Viktor Frankl’s “Man’s search for meaning” has been one of the most influential books I’ve read. I try to live by it every day. Maria Popova has a wonderful article about the book:
Here the main message in my view:
Everything changes in life, so the best thing one can do, is choose one’s attitudes:
[E]verything can be taken from a man but one thing: the last of the human freedoms — to choose one’s attitude in any given set of circumstances, to choose one’s own way.
This attitude is the ultimate freedom:
Every day, every hour, offered the opportunity to make a decision, a decision which determined whether you would or would not submit to those powers which threatened to rob you of your very self, your inner freedom; which determined whether or not you would become the plaything of circumstance, renouncing freedom and dignity to become molded into the form of the typical inmate.
There is no meaning other than the meaning we experience while we live life:
Ultimately, man should not ask what the meaning of his life is, but rather he must recognize that it is he who is asked.
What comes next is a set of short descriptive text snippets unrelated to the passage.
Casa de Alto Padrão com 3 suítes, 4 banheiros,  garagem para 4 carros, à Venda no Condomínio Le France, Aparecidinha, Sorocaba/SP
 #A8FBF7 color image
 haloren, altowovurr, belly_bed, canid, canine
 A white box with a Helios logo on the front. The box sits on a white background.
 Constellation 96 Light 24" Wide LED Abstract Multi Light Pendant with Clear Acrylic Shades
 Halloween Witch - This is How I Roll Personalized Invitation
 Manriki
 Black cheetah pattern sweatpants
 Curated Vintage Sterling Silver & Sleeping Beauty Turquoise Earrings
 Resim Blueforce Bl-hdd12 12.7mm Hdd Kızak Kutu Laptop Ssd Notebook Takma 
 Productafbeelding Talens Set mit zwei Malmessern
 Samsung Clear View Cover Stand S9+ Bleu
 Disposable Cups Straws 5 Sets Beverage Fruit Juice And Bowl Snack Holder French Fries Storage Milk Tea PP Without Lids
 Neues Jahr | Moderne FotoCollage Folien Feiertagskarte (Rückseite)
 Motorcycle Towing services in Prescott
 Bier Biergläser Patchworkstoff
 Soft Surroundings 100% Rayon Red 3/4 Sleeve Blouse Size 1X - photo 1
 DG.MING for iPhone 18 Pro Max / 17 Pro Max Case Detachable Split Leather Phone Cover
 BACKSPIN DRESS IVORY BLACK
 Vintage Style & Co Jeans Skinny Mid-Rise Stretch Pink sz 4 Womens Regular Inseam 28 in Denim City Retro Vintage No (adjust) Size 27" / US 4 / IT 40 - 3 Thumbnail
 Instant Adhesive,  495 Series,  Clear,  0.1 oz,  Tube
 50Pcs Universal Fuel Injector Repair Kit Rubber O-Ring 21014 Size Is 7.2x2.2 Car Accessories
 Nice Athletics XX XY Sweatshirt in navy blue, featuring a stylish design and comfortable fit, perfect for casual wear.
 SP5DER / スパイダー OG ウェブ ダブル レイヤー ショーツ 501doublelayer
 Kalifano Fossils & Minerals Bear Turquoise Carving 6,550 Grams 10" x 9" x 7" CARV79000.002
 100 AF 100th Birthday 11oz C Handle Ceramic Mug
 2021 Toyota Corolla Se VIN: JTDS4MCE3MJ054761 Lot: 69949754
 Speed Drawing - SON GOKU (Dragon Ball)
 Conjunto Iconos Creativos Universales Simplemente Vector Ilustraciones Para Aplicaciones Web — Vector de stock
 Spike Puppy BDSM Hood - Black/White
In a word, each man is questioned by life; and he can only answer to life by answering for his own life; to life he can only respond by being responsible. (…)
This emphasis on responsibleness is reflected in the categorical imperative of logotherapy (Frankls school of thought, VL), which is: “Live as if you were living already for the second time and as if you had acted the first time as wrongly as you are about to act now!”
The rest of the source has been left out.